Here is some information about romanisation of Cantonese if you are interested:
Romanisation system for Cantonese has an interesting history! Yale romanisation system [1] is (IMO) the most readable and also later on refined as Jyutping [2], another method used in more academic contexts which IMO is less readable (both used in GBoard as Cantonese input methods). However most persons and place names in HK use older system [3] developed in 1880s by Christian missionaries.
When people use Cantonese romanisation as part of their casual text chats on instant messaging or social media platforms, it’s usually a mix of both systems [1, 3], but rarely [2] but without the tone information (so lots of many-to-one mappings), mixed in with bits of English, making it hard to understand (even for a local Hong Kong person) without having good prior context of the entire conversation.
Not a Googler so I can only guess. But it seems like Google did try to treat Cantonese as a Chinese variant in the past, eventually they dropped it probably because they realised they're too different.
I know Google is actively working on the Cantonese version of Google Assistant, though not sure when it'll be officially released.
Whatever it is, Cantonese has different pronunciation, vocabulary and even grammar from Mandarin. Which means it takes a non trivial amount of work to adapt a language model designed for one to the other.
Source: I'm a native speaker of one and fully fluent in the other.
afaik Google needs a multilingual corpus. so if Cantonese is mostly written using Chinese characters, the corpus will be in Chinese characters.
and if written Cantonese is mostly informal (conversation, shop signs) it will not often be multilingual. so the approach that has worked for most languages wouldn't work then.
and it surely wouldn't work for a completely different, lossy orthography - without independent training.
I remember this being similar to the reason claimed for the use of leet speak back in the day (i.e, that it prevented searching of messages by 'the man' ); Interesting to see something so similar actually being practically applied in the present.
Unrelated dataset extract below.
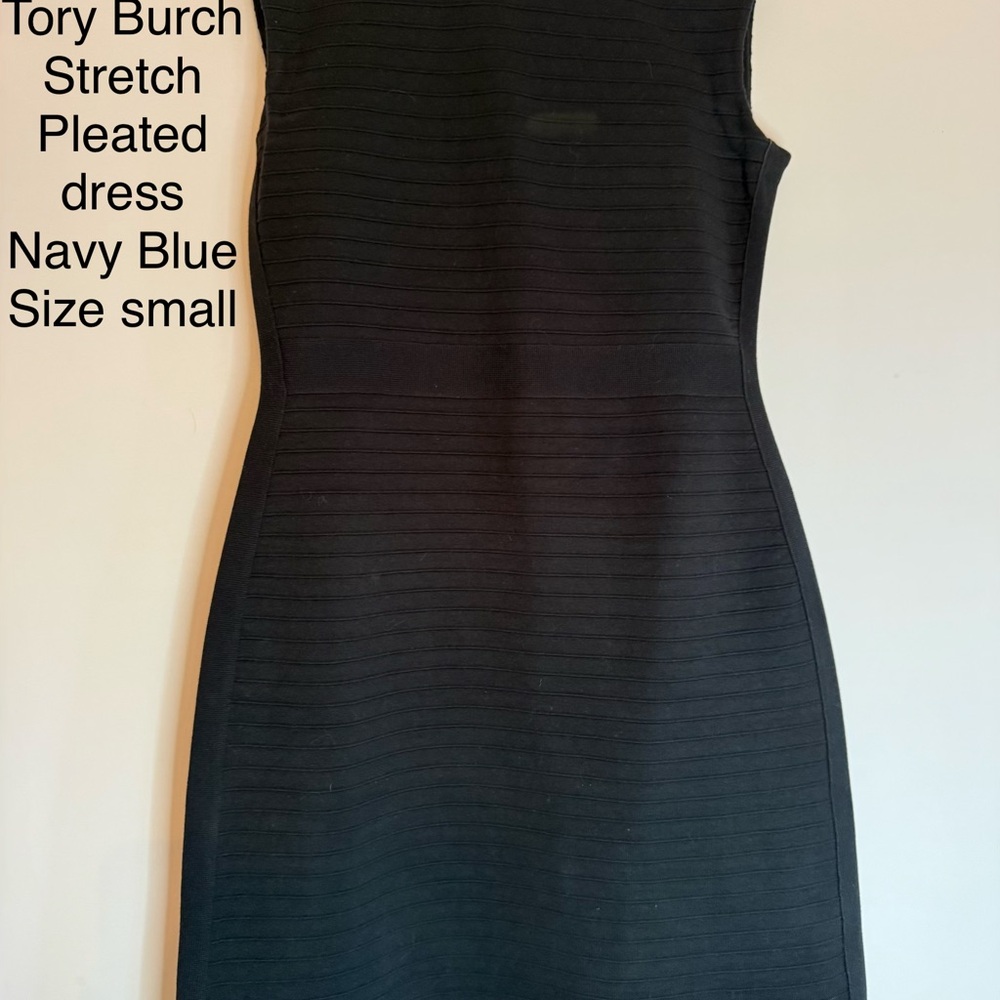 Tory Burch Midnight Blue Pleated Midi Dress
As a side note: If that would happen here in Flanders, not even Dutch speakers would be able to translate it. We have so many local dialects with their own pronunciation, and region bounded words, that only local people would understand what is written.
There's nothing which will translate that as far as I know, it's an entirely different problem than chinese characters since Cantonese is a separate language and the phonetics are not even standardized in these messages so there's no 1 to 1 mapping to characters either.
If you type the phonetic words in using the Google Keyboard in JyutPing mode, you will usually get the correct Chinese characters. The thing that would defeat this, though, is the deliberate introduction of very colloquial Chinglish puns.
I tried feeding some of the phonetically spelled stuff into google translate and it was completely lost at sea. So no worries about the claim this could stuff up NLP/search, then.
No, you can actually type this straight into Google Translate and it will work fine. After selecting Chinese as the language, you have to set the input method as "Cantonese." Of course, Google Translate is banned in China. ;)
This isn't a secret code or anything; it's a standard romanization that almost everyone who learns Cantonese formally will learn. The thing is---formal education in Cantonese and other non-Mandarin Chinese languages is banned in schools in China. Mainlanders that speak Cantonese as a primary language often don't even know how to use it (I talked to a Cantonese-speaking girl from Zhuhai, and she was like "Can you show me what Jyutping looks like?" Bizarre).
It's pretty smart, and a bit of a slap in the face to the establishment, which has been forcing Mandarin down people's throats for the past 50 years or so.
Many things are banned in China, especially web services, in order to create an internal (was possibly exportable incubation, but not since 'progression' over the past 5 years after the government - hegemony of leaders and follows on, rather than government workers, themselves the mules).
But translate.google.cn is not banned on the mainland and Google services work very finely in Hong Kong.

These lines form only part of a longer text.